Know Thyself

One of the most important steps in becoming a successful investor is to learn ones strengths and weaknesses. I pride myself on being able to keep a level head when investors are panicking or getting over excited. The current crisis in Europe scares me and I am no longer playing with that strength. I get very scared when investors panic about Europe.

If the European dominoes were allowed to fall at least 5 sovereign nations and almost every bank in the World would likely go under causing a major depression. The German people are against anymore bailouts and Angela Merkel, the German Chancellor, has taken a lot of heat for the bailouts she has already agreed to. Sovereign bonds will be under renewed attack if forcible action is not agreed upon at tomorrows summit. Yet, Angela Merkel's hands are somewhat tied.
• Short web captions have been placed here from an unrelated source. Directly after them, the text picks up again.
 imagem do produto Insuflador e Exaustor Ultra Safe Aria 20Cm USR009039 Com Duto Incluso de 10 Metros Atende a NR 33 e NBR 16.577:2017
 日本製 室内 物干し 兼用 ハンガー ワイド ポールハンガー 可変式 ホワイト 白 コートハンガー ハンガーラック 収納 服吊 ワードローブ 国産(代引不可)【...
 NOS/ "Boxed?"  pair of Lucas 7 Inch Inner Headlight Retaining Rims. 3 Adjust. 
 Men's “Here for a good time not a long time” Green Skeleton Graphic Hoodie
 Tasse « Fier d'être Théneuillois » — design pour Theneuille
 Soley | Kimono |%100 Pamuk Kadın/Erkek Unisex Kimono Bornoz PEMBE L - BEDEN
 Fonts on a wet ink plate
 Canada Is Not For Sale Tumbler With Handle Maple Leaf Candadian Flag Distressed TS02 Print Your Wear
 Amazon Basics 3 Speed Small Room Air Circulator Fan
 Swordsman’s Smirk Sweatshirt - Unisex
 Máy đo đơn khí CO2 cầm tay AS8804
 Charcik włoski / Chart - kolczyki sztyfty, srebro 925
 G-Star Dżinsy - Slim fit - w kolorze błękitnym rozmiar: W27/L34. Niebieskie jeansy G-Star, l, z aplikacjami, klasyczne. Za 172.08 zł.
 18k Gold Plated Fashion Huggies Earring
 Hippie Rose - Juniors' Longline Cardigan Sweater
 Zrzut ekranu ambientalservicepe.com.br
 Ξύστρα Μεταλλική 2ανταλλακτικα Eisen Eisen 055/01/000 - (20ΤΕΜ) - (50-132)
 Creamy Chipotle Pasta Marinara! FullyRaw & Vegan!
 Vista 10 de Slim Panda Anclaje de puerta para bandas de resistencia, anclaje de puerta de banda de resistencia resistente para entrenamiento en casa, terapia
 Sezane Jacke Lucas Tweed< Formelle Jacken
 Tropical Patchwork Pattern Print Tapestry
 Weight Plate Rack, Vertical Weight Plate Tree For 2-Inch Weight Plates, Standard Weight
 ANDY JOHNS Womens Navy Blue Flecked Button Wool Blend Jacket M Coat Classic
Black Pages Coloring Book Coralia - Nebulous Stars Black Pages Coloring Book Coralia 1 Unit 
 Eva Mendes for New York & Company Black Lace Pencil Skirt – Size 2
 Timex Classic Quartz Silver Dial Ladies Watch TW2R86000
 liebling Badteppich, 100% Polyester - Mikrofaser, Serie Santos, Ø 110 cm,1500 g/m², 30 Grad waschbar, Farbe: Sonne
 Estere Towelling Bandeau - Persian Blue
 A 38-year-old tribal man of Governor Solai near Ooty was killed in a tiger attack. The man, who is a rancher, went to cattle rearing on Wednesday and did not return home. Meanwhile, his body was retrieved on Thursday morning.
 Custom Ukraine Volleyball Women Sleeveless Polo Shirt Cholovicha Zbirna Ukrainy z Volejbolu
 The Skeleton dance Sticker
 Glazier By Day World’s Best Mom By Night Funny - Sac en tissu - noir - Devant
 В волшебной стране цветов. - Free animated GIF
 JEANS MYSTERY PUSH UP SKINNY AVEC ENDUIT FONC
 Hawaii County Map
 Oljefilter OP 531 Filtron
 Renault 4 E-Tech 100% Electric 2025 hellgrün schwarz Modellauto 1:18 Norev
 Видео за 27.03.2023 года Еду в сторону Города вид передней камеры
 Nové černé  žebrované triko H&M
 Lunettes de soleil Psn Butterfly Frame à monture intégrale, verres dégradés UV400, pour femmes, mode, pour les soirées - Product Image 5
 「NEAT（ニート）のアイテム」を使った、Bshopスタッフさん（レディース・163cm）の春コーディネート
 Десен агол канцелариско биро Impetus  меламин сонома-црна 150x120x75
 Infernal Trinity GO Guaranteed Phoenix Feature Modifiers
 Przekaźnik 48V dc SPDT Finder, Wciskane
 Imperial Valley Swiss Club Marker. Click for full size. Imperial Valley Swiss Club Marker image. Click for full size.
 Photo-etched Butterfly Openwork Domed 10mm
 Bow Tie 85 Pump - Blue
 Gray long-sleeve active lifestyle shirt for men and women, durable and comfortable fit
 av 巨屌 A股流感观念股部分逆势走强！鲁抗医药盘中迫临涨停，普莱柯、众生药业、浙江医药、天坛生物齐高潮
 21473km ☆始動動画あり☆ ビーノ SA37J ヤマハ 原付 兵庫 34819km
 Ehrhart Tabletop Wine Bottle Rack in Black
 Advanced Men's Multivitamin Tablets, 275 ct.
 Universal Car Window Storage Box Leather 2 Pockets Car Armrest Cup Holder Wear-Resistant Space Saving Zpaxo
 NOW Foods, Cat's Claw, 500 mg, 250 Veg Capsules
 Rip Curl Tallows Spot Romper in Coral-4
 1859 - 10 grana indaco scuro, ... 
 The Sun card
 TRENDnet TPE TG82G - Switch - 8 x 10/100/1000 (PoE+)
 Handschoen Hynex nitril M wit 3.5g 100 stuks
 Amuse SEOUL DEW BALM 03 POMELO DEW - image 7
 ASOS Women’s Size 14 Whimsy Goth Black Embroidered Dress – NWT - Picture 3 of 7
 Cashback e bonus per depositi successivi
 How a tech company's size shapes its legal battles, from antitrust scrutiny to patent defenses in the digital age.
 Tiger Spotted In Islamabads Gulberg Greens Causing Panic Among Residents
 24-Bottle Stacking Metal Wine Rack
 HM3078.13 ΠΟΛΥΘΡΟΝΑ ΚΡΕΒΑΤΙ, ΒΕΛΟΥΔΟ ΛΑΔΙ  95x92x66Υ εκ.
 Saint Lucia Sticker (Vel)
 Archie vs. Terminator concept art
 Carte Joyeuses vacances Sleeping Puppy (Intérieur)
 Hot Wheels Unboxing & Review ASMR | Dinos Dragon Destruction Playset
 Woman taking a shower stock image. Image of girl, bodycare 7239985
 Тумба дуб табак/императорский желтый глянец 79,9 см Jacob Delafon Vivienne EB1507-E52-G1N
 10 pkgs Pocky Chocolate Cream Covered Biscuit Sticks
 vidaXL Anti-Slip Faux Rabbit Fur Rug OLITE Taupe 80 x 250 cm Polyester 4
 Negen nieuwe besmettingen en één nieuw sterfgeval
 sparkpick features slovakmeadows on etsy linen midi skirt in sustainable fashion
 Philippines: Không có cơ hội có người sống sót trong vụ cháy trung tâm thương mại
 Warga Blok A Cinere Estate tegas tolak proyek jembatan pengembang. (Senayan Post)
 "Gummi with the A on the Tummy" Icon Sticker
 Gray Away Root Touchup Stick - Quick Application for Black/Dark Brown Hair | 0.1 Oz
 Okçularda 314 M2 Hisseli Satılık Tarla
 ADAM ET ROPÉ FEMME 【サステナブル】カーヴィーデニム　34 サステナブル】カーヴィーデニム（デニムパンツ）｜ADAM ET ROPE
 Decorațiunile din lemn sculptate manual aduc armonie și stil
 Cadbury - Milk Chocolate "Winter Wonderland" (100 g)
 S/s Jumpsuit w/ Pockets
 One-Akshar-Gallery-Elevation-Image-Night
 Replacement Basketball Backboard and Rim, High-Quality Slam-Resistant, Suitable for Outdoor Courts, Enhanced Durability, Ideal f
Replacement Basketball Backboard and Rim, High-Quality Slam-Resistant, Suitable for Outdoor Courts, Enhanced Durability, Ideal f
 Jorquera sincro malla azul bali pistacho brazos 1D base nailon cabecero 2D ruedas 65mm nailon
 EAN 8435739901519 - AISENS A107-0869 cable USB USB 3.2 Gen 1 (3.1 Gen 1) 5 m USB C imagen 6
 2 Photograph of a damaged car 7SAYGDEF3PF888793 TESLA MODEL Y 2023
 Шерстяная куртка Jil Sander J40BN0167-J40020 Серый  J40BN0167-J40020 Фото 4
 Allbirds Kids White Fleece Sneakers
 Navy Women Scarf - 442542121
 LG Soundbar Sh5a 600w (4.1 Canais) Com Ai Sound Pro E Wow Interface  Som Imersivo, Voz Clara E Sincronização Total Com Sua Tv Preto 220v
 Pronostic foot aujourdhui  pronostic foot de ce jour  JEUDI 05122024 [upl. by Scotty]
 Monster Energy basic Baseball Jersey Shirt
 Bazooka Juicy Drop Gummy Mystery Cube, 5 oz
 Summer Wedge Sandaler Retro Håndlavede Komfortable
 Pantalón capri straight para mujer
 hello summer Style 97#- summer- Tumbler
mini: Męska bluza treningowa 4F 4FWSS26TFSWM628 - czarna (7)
It is for these reasons, whether justified or unjustified, that I am scared. As a result I am unlikely to make large directional bets until there is a resolution to the crisis. I am currently positioned modestly net long.

5 comments:

Anonymous said...

I disagree.  Banks are bluffing with a pair of 6's because world does not end when they fail.  They'd like people to think world will fail if they go under.  It would be a few years of hardship, but banks can be rebuilt in weeks with printed moneys better spent that way than salvaging and bailing legacy.  This is just a bailout of the uber rich with boogeyman threats.

Anonymous said...

Real catastrophes come from natural disaster, famine and disease.

Tsachy Mishal said...

I am not trying to figure out what World policy should be. I just want to be positioned correctly for what is. If the dominoes were allowed to fall I would not want to be caught long even if it is better for everybody in the long term.

Anonymous said...

Yes, but I don't think it's the doomsday scenario as you describe.

frank r said...

There's also the danger that the can is kicked down the road again, so the unwarranted fear of armageddon dissipates and people start to focus on more mundane things. Like the fact that the economy is not growing fast and won't be growing fast for years to come, that consumers are under immense pressure, that eventually all this sovereign debt will lead to higher taxes on the wealthy, probably in the form of higher corporate income taxes, and higher inflation and higher interest rates, etc. Stocks are perpetuties. What happens next year matters little compared to what happens over the course of the next 30 years.

Everyone has bought in because they can't be left behind, and everyone knows that what they bought isn't a bargain, and everyone plans to get out the door before the other guys when the selling starts. This is a formula for a quick 20% fall in prices. There's the real danger.